Mireya Hernández.
Asistimos en los últimos años a un neorruralismo literario que tiene diversos exponentes en las últimas hornadas de narradores, como Jenn Díaz, Manuel Darriba, Ginés Sánchez, Lara Moreno o el más veterano Jesús Carrasco, a quien algunos ven como el abanderado de este nuevo fenómeno, que nada tiene de nuevo y que emparenta con autores como Julio Llamazares, Miguel Delibes o José María de Pereda.Esta primera novela de Mireya Hernández (Madrid, 1981) es continuadora de esta tendencia, y no sólo en su temática.

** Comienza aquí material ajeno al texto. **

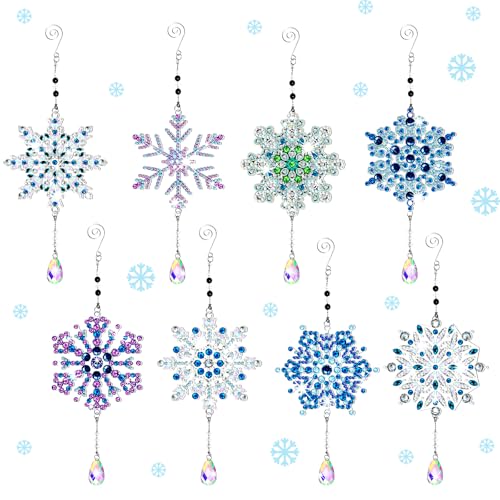 Uiifan 8 Pcs Diamond Art Christmas Ornaments, Snowflake Diamond Art Kits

Estamos ante una especie de reverso de la naturalista Peñas arriba, en la que el protagonista llegaba a un pequeño pueblo procedente de la gran urbe -Madrid- y terminaba enamorado de sus bondades. En este caso, la autora nos presenta el proceso contrario: un escenario hostil, que tiene que ver con la tradición romántica pero también con nuestra contemporaneidad: el retorno a lo rural que han propiciado los tiempos de crisis, sumado a los nuevos hábitos de vida de las generaciones más jóvenes. Todo eso está aquí.

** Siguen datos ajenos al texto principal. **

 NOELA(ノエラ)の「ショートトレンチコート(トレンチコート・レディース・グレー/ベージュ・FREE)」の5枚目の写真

Los dos protagonistas, Martina -narradora en primera persona- y Pablo, su pareja, llegan desde Madrid a un pequeño pueblo aragonés y se instalan en una casa vieja y destartalada. Aquí todo parece un error. Martina no encuentra su lugar ni entre las paredes de su nuevo hogar -donde trabaja como traductora- ni entre las pocas gentes que habitan el pueblo, y que siempre la observan como a una forastera. Poco a poco, la relación que tiene con cuanto la rodea se va pervirtiendo. Incluso ellos mutarán: Pablo parece un ser cada vez más maniático e intratable. Ella enfermará. El entorno ejerce una influencia dañina pero sutil, y a lo largo de la novela seremos testigos de este lento proceso de degradación.

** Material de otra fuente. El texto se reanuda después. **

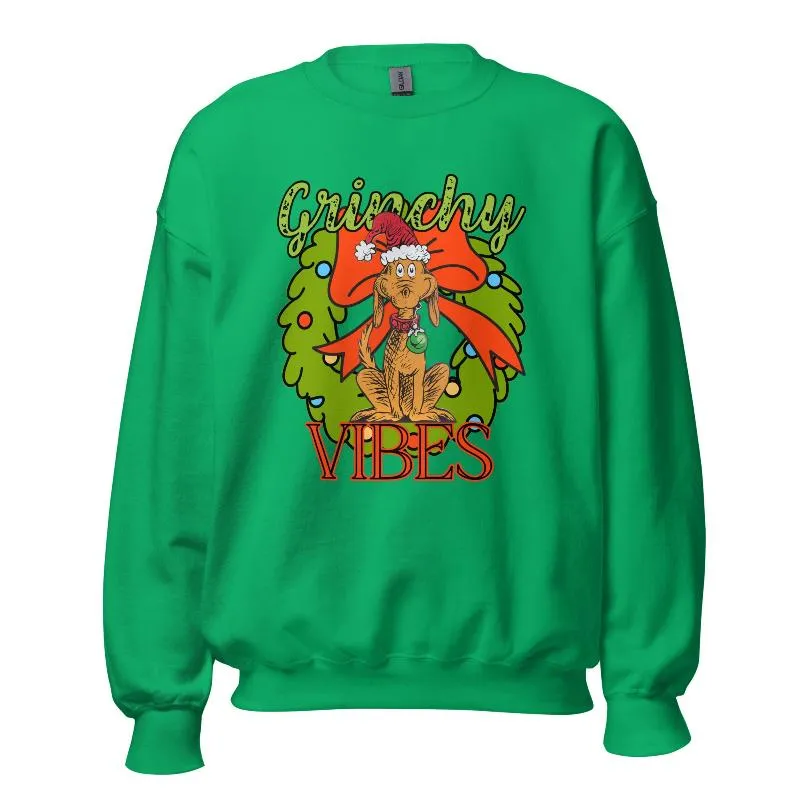Grinchy Vibes Crewneck Pullover Sweatshirt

El estilo de Mireya Hernández, conciso, afilado, sin florituras ni sentimentalismos, logra crear un ambiente obsesivo con apariencia de levedad. Leemos en vilo, atrapados por las preocupaciones de la voz protagonista y por su destino fatal, que adivinamos. Al terminar, sentimos que ella y nosotros hemos logrado escapar de uno de esos abismos que tentaban a los románticos. Interesante.